Part II. Forms and genres
17. Texts in English used by children, 1550-1800
John Newbery: 1744-67
However, what all of these endeavours lacked was a coherent approach to the development of a specifically children’s literature. Before the mid-eighteenth century, book publishing for children lacked seriousness of purpose. John Newbery’s publishing activities changed this; he developed the children’s side of his business through a sustained and forceful exploitation of the market. Newbery began as a provincial bookseller and newspaper proprietor and also dealt in patent medicines, activities which continued to be significant elements in his complex business empire. However, soon after his move to London from Reading he produced A Little Pretty Pocket-Book (1744). Verses with wood blocks of children at play comprise most of this slight but significant offering, which became one of the best known of all the early children’s books. His Lilliputian Magazine (1751-2) was more substantial, although less successful, and continued the Newbery mixture of light-hearted material - jests, songs, riddles - and more moral tales. There followed A Pretty Book of Pictures for Little Masters and Misses (c. 1752), and Nurse Truelove’s New Year’s Gift (c. 1753), similarly light-hearted in tone and content. Binding in Dutch floral boards was also his trademark, and the overall quality of their production marked his books out from the cruder reading materials of the previous century.

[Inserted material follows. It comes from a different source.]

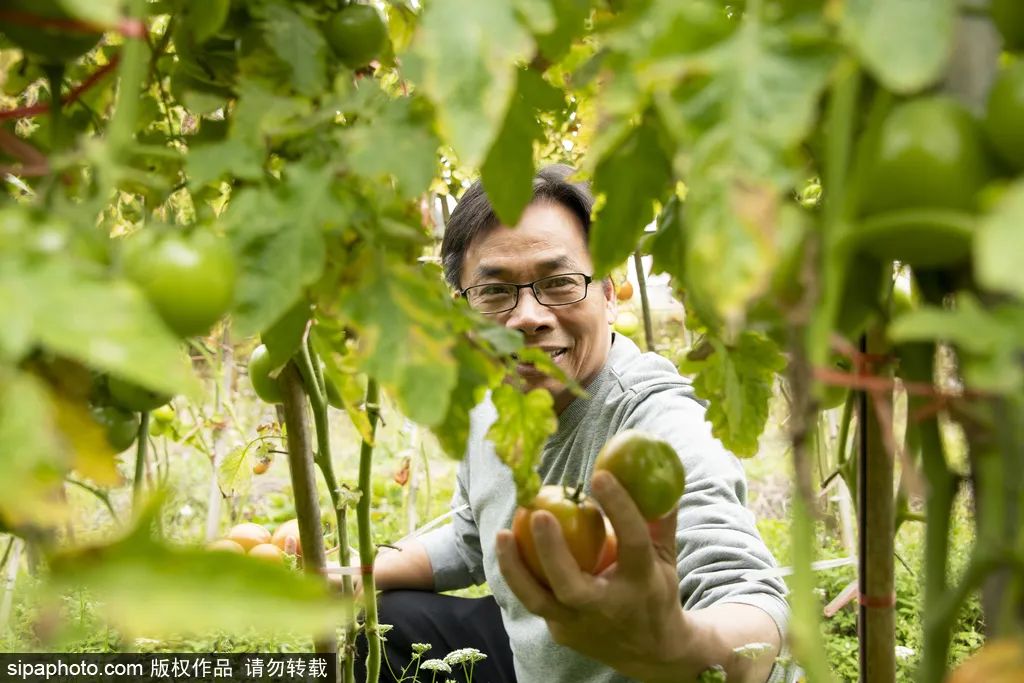 北京秋季采摘最全攻略,春日踏青采摘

Perhaps his most famous book - and certainly the one which drew the admiration of Charles Lamb - was The History of Little Goody Two-Shoes (1765). This tale of the ‘trotting tutoress’, Margery Meanwell, encapsulated all of Newbery’s emphasis in his books on the mercantile class, a group in society to whom trade and good sense meant everything. Margery progresses from penury to a good marriage through hard work, thrift and the use of her talents: a tale with true moral sense for the middle-class children at whom it was directed.

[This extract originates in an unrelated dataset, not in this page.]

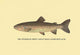 The Steelhead Trout - Gallery Wrapped Canvas Art 28" x 42"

Newbery also contributed to the burgeoning schoolbook market with a series of lesson books, The Circle of the Sciences (1745-8), and books like Oliver Goldsmith’s An History of England, in a Series of Letters from a Nobleman to His Son (1764). (Goldsmith probably also wrote Goody Two-Shoes.) Indeed, most of Newbery’s output for the youth market was intended for schools or for home tutoring; only sixteen or so were mainly for entertainment. His schoolbooks were generally weightier and more expensive: the Account of the Constitution and Present State of Great Britain (1759) cost 2 shillings. The more lighthearted items cost less and were usually printed in several editions: ‘Abraham Aesop’s’ Fables in Verse was priced at 6d and was in its sixth edition by 1768. However, at a time when chapbooks were being sold for 1d, even these were expensive by the standards of the day. Newbery was intent on selling to the middle classes and aspiring artisans, not the mass of the labouring population.

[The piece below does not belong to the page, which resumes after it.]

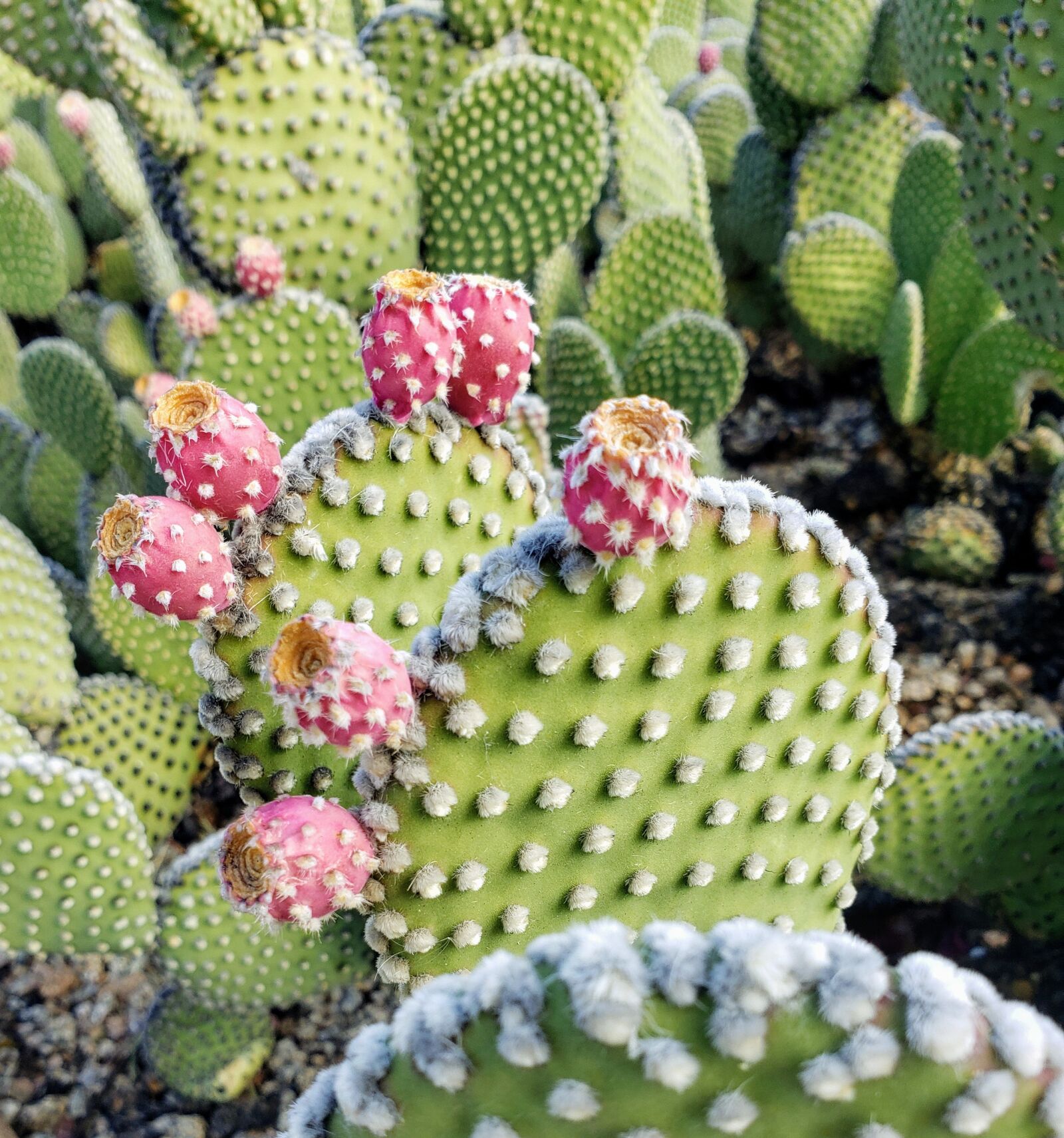 Samsung Galaxy Note9 sample photo. Prickly pear, cactus, pink photography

Newbery’s great talent was his understanding of the new market for children’s books and schoolbooks: exploiting that market required tenacity of purpose and the development of a class of books which appealed to both parents and children. Advertising and distribution was also essential to ensure a good volume of sales. By marketing his books through the important provincial newspapers of the day, and using the newspaper distribution outlets, Newbery maximised the penetration of his books into rural areas from his famous shop at the Bible and Sun in St Paul’s Churchyard, London, which was the focus for his activities. Newbery’s later years were his busiest period; between 1755 and 1767, when he died, he published around 390 adult and children’s books, although his contribution to the development of a children’s publishing trade has tended to obscure his many other business activities. He probably made more as a purveyor of quack medicines than from the children’s books, and his newspaper interests and magazine publishing were also of considerable value.